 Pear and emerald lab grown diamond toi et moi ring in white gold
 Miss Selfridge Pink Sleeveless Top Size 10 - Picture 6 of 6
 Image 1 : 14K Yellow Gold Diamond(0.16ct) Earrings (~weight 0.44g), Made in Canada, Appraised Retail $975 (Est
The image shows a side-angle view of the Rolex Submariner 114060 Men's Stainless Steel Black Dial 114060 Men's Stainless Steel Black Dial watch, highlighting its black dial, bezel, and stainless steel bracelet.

■ ■ ■ ■ ■ ■ ■

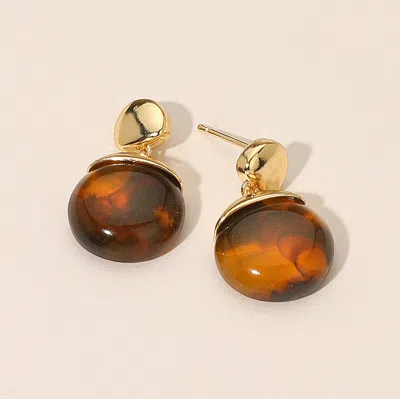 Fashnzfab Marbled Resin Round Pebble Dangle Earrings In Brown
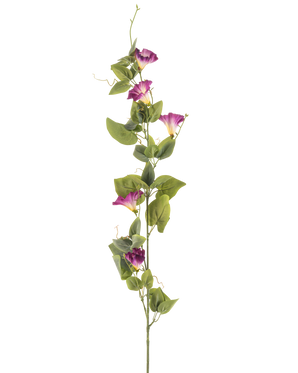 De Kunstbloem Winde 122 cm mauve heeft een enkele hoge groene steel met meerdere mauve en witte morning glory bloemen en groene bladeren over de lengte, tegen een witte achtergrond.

■ ■ ■ ■ ■ ■ ■

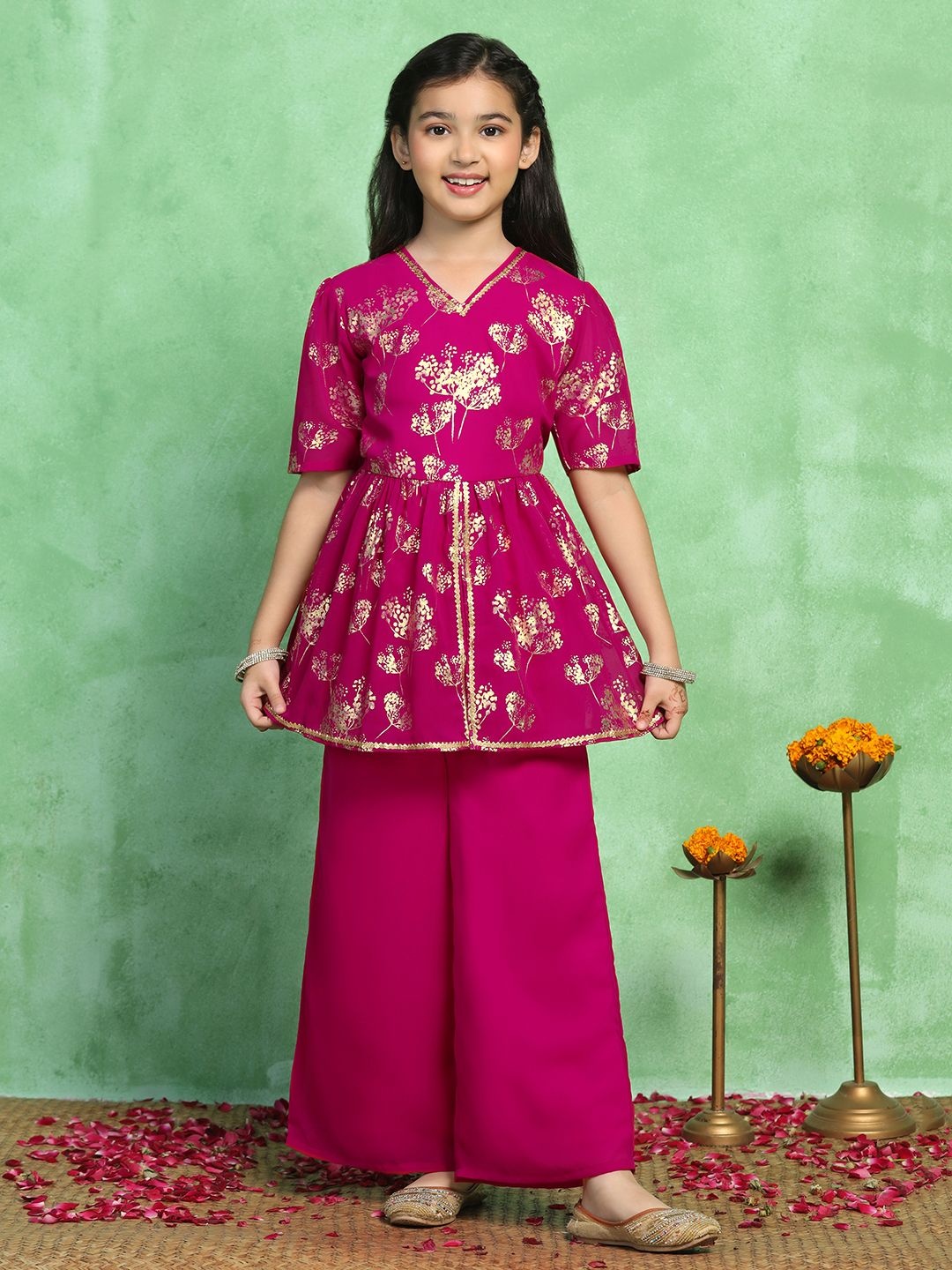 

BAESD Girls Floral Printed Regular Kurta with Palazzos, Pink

■ ■ ■ ■ ■ ■ ■

▶ [PROBLEM STATEMENT]: Give the number of lines in the entries that contain the word "Pink", without any other words.

▶ [EXPECTED ANSWER]: 2